*SOURCE MATERIAL*.
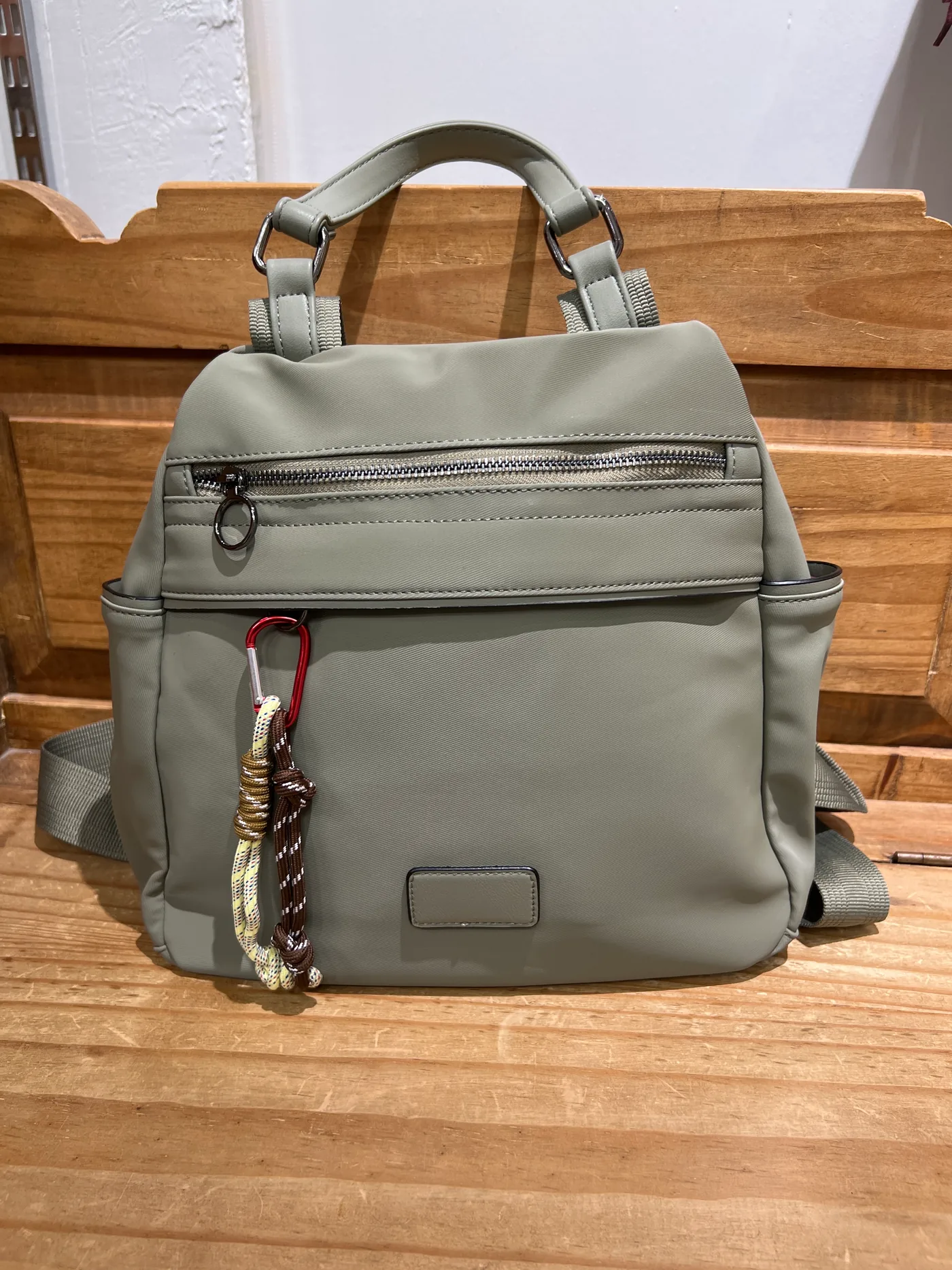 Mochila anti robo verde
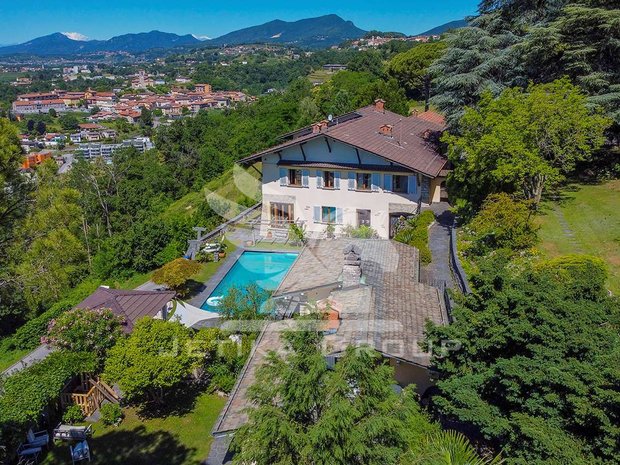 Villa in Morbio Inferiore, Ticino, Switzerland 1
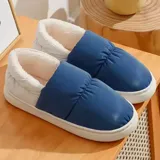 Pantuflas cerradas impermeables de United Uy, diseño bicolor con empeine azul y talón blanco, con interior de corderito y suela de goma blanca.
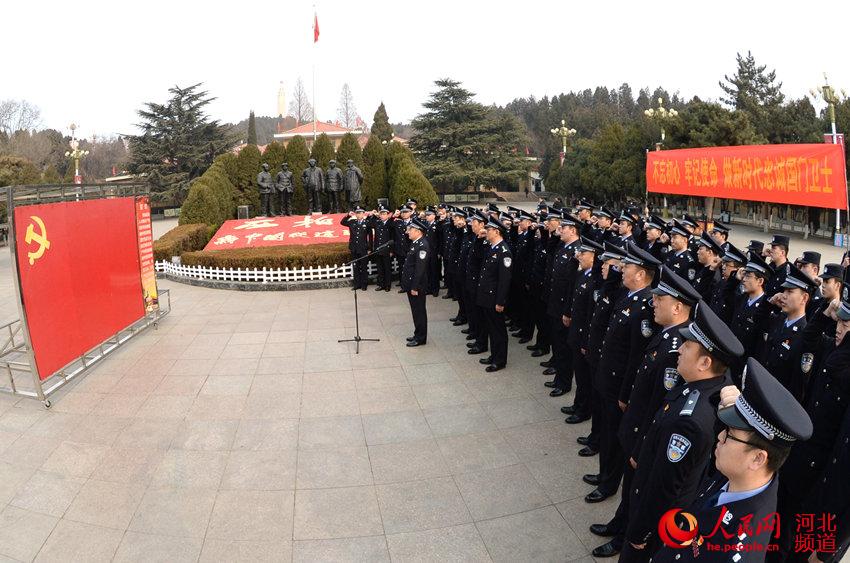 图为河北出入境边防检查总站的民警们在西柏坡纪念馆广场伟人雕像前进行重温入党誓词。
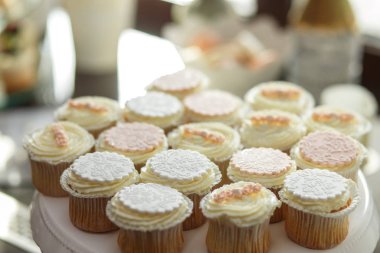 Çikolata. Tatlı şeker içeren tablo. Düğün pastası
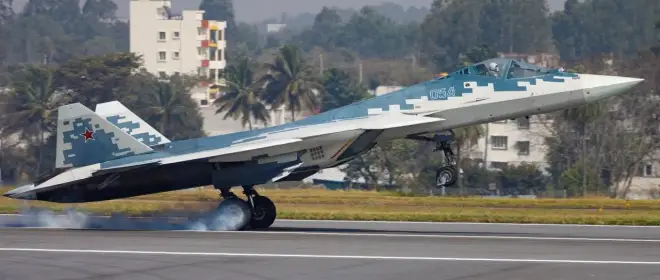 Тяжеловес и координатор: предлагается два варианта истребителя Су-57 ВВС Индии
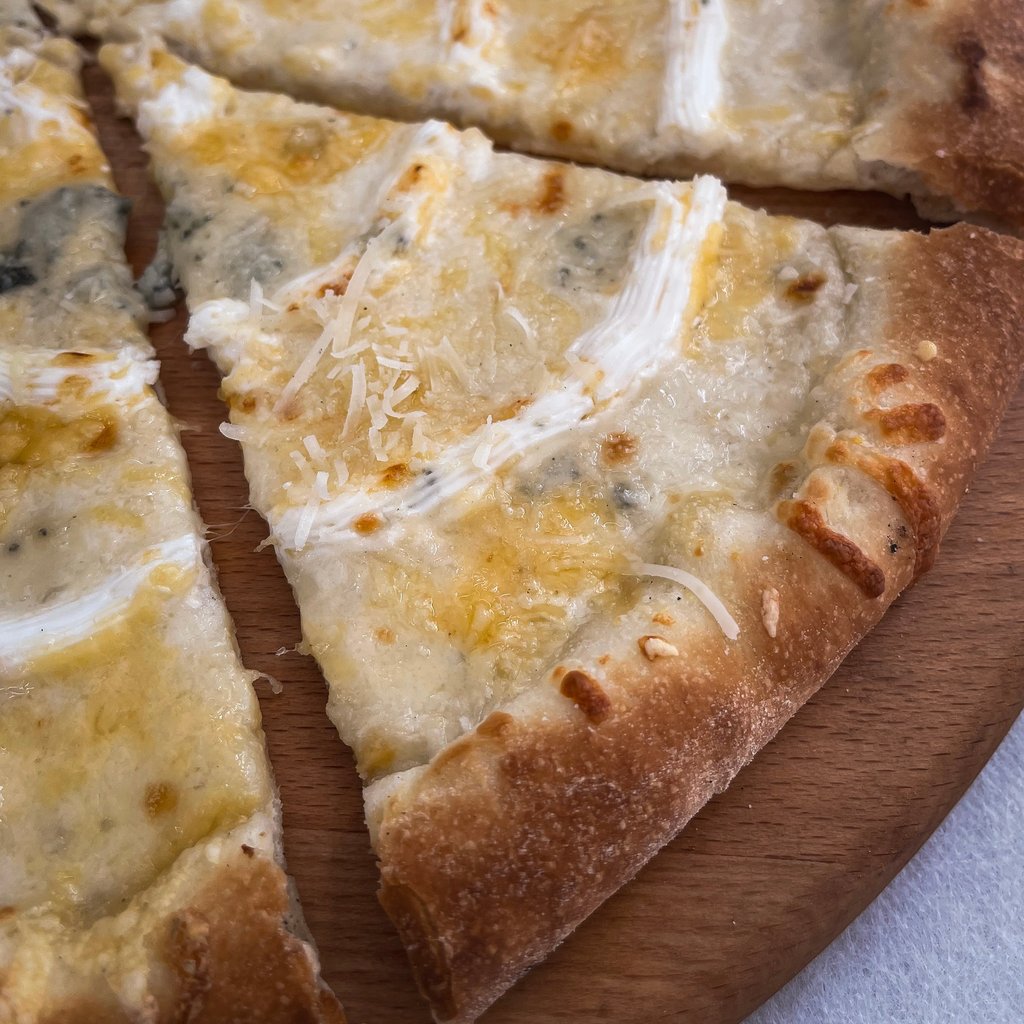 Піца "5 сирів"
--
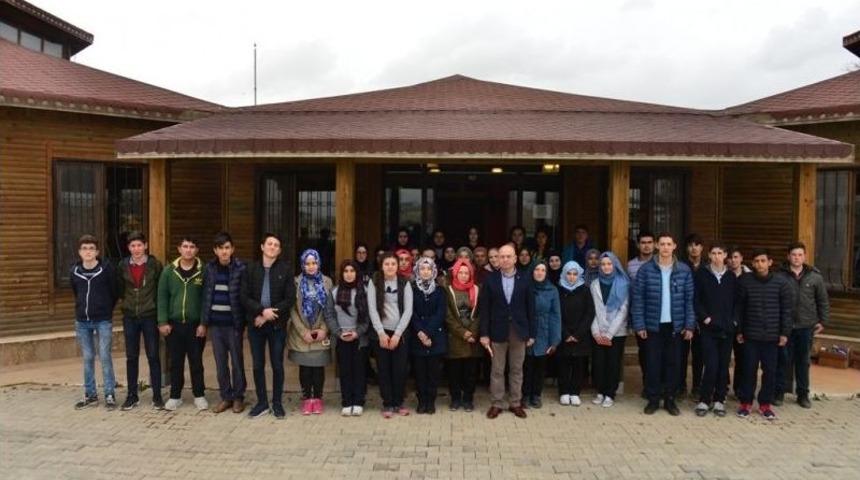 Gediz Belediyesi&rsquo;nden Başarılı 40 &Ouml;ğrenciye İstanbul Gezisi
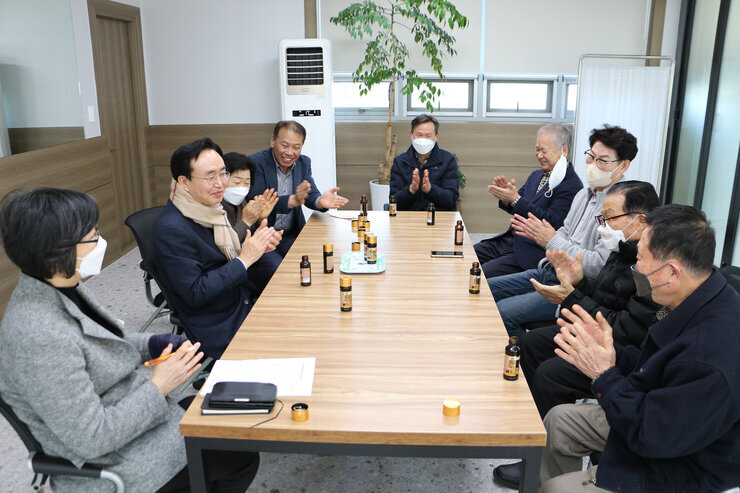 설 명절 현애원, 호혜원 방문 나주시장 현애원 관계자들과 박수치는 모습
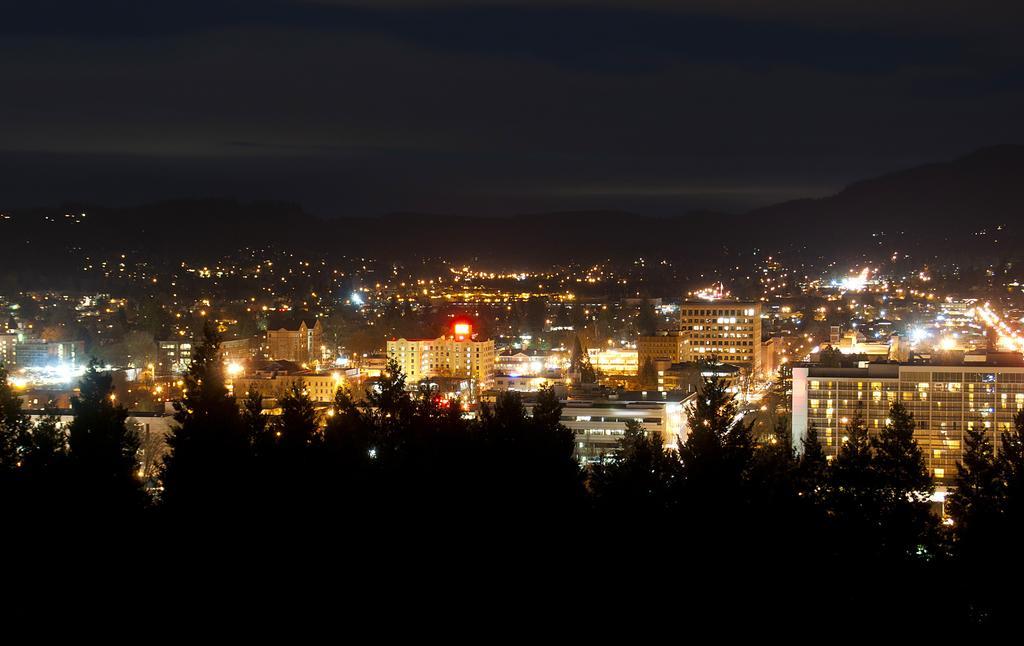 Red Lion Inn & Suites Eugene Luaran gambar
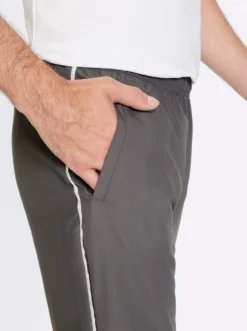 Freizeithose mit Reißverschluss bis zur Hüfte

*WHAT IS BEING ASKED*. The lines to set down run from the line with "Mochila anti robo verde" up to and including the line with "Çikolata. Tatlı şeker" in the entries above. Reproduce them exactly, with no pictures.

*EXERCISE SOLUTION*.
 Mochila anti robo verde
 Villa in Morbio Inferiore, Ticino, Switzerland 1
 Pantuflas cerradas impermeables de United Uy, diseño bicolor con empeine azul y talón blanco, con interior de corderito y suela de goma blanca.
 图为河北出入境边防检查总站的民警们在西柏坡纪念馆广场伟人雕像前进行重温入党誓词。
 Çikolata. Tatlı şeker içeren tablo. Düğün pastası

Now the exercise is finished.